The mammalian era chronicles the rise of mammals from their reptilian ancestors through various evolutionary stages, leading eventually to the precursors of human beings. The era concludes with the ice age, which dramatically shaped earth's surface and created the conditions that would influence early human development. Through six distinct glacial periods spanning two million years, ice sheets advanced and retreated across North America, Europe, and parts of Asia, creating the Great Lakes and other significant geological features that remain today.
The era of mammals extends from the origin of placental mammals to the end of the ice age, covering a period of slightly less than fifty million years. During this Cenozoic age, the world presented an attractive appearance with rolling hills, broad valleys, wide rivers, and great forests, while the Panama isthmus and Bering Strait land bridge repeatedly rose and fell. The animal world thrived with varied species, with birds swarming in trees and the entire planet functioning as an animal paradise despite the constant struggle for supremacy among evolving animal species.

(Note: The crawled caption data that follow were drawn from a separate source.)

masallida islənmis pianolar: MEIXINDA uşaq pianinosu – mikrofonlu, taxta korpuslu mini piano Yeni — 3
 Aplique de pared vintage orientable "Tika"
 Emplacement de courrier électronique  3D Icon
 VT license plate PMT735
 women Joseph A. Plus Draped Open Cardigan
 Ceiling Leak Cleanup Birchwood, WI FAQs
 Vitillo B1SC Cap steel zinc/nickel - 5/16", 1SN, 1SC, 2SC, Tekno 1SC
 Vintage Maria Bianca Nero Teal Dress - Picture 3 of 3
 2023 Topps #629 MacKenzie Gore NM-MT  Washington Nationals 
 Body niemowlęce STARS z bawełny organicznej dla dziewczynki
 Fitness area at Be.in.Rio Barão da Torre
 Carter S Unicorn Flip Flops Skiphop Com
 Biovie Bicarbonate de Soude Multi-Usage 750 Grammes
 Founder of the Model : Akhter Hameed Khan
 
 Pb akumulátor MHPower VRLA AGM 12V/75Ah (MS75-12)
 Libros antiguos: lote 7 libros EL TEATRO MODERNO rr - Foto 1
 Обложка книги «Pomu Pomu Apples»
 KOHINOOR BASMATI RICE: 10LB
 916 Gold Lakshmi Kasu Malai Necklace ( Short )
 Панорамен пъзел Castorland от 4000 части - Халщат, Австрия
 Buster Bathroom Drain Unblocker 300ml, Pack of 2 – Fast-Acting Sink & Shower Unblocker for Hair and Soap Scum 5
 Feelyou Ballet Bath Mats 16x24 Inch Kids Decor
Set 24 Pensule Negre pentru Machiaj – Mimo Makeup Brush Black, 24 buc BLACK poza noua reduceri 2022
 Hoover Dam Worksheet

The accumulated deposits from the five periods of this fifty-million-year era contain fossil records that document the successive mammalian dynasties. These records trace evolutionary development straight through to the appearance of humans, providing evidence of the gradual progression from early mammals to the emergence of human beings. These fossil layers tell the story of life's advancement during what scientists call the Cenozoic era.
Fifty million years ago, the land areas of the world were generally above water or only slightly submerged, with formations and deposits from this period being both land and marine in origin. Land gradually rose while simultaneously being eroded and washed down to lower levels and toward the seas. Early in this period, placental mammals suddenly appeared in North America, constituting the most important evolutionary development up to that time, springing directly from pre-existent reptilian ancestors that had persisted through the dinosaur decline.
Mammals possessed significant survival advantages over other life forms, including their ability to bear relatively mature offspring, protect and nurture their young with affection, employ superior brain power, utilize increased agility to escape enemies, and apply superior intelligence to environmental adaptation. As this period progressed, many new mammalian species developed, including small horses, rhinoceroses, tapirs, primitive pigs, squirrels, lemurs, and monkey-like animals, all adapted to living in mountain forests. These early Cenozoic mammals inhabited land, water, air, and treetops, possessed multiple mammary glands, were covered with hair, developed two sets of teeth, and had large brains relative to their body size.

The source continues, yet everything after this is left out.